### Material supplied
• • •

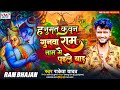 Hanumanchalisa hanuman   rakeshyadav  ayodhya ram mandir song 2024  rambhajan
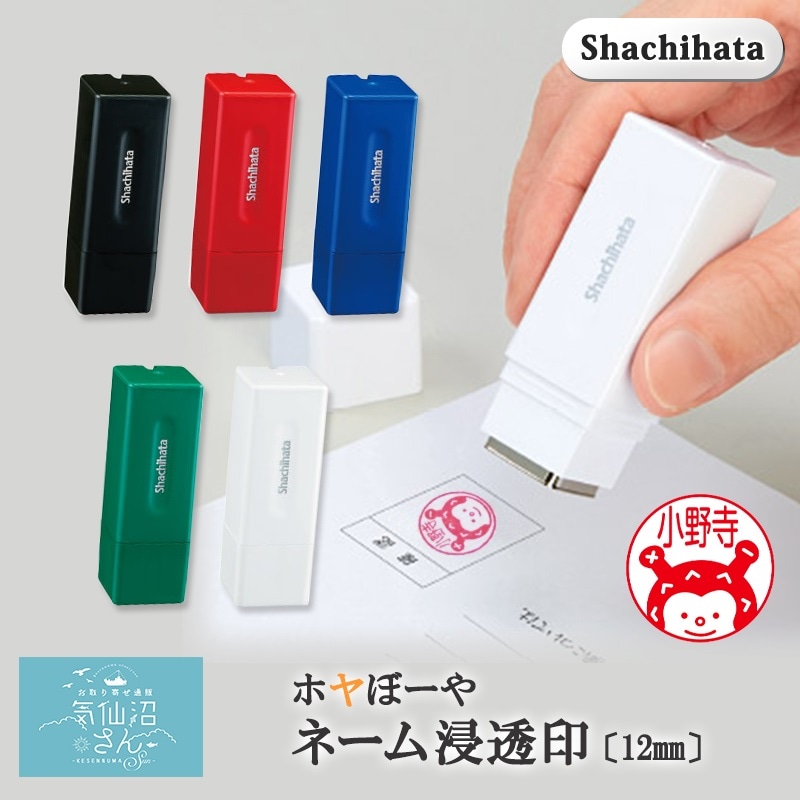 シャチハタ ホヤぼーや スクエアネーム印 (名入れ) 送料無料 (12mm ※ポスト投函) 菅原印房 気仙沼 ゆるキャラ 可愛い判子 ネーム印 ギフト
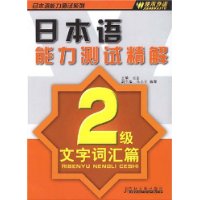 日本语能力测试精解二级文字•词汇篇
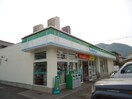 ファミリーマート 福山水呑店まで400m サン・フィオーレ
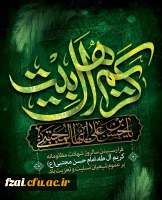 ۷ صفر، سالروز شهادت کریم اهل بیت، حضرت امام حسن مجتبی علیه السلام (به روایتی) تسلیت باد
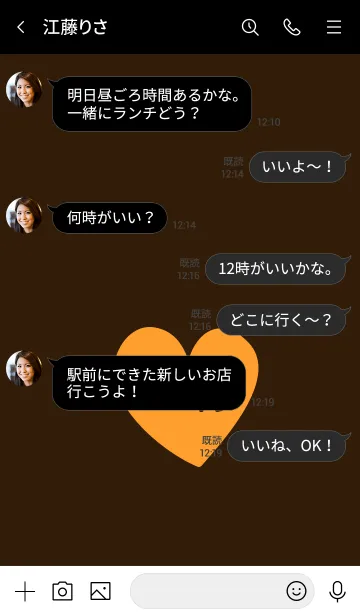 [LINE着せ替え] ラブ 044の画像4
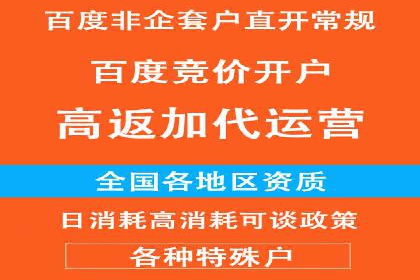 开户即得高返点：客户亲历的盈利经历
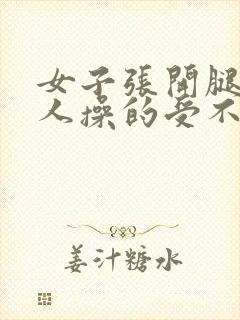 女子张开腿让男人操的受不了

• • •

### Problem details
I'd like the data above duplicated exactly, with no pictures included.

### Written solution
 Hanumanchalisa hanuman   rakeshyadav  ayodhya ram mandir song 2024  rambhajan
 シャチハタ ホヤぼーや スクエアネーム印 (名入れ) 送料無料 (12mm ※ポスト投函) 菅原印房 気仙沼 ゆるキャラ 可愛い判子 ネーム印 ギフト
 日本语能力测试精解二级文字•词汇篇
 ファミリーマート 福山水呑店まで400m サン・フィオーレ
 ۷ صفر، سالروز شهادت کریم اهل بیت، حضرت امام حسن مجتبی علیه السلام (به روایتی) تسلیت باد
 [LINE着せ替え] ラブ 044の画像4
 开户即得高返点：客户亲历的盈利经历
 女子张开腿让男人操的受不了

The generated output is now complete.